** YOUR TASK **
Scan the entries below for the word "Large". Copy out every line in which it occurs.

** EXERCISE DATA **

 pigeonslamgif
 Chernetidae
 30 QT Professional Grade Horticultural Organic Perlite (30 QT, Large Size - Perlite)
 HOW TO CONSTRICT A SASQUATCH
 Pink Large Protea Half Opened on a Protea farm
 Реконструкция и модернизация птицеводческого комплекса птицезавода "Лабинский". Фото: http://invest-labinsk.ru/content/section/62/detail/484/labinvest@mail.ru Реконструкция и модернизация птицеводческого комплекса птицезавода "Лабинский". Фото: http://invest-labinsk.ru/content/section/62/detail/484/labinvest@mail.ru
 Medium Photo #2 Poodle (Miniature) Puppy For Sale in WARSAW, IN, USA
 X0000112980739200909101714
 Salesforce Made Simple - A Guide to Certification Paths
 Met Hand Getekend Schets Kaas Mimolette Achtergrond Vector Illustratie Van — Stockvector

...

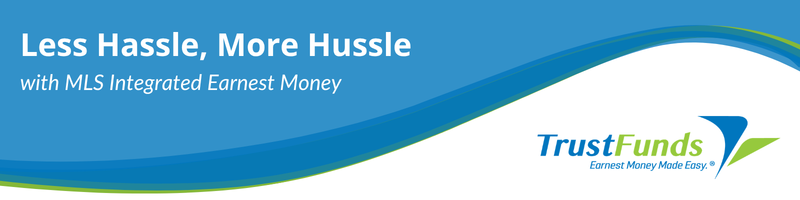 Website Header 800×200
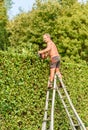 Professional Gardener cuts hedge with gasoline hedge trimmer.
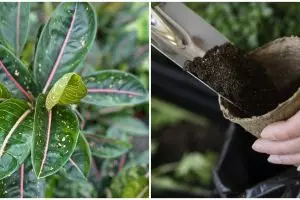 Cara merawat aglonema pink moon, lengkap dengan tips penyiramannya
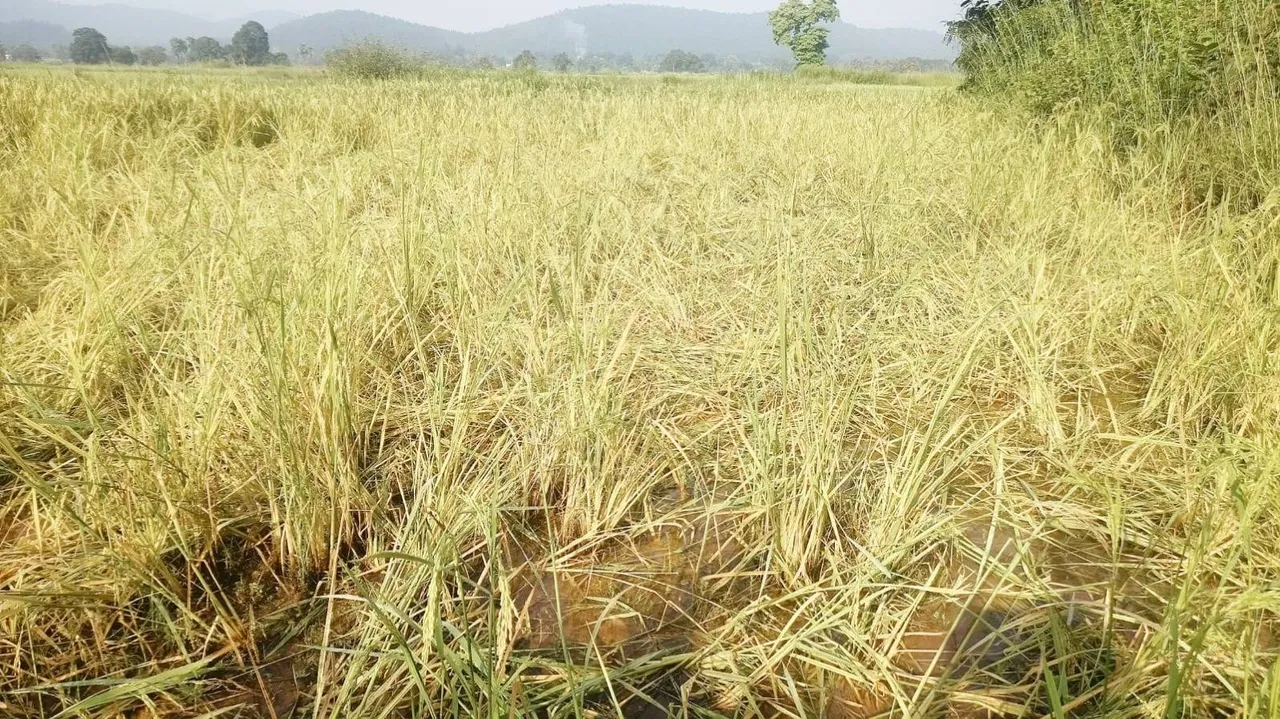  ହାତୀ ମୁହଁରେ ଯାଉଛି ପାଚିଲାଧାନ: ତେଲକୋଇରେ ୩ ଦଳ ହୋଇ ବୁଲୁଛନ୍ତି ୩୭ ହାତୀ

** RESPONSE BELOW **
 30 QT Professional Grade Horticultural Organic Perlite (30 QT, Large Size - Perlite)
 Pink Large Protea Half Opened on a Protea farm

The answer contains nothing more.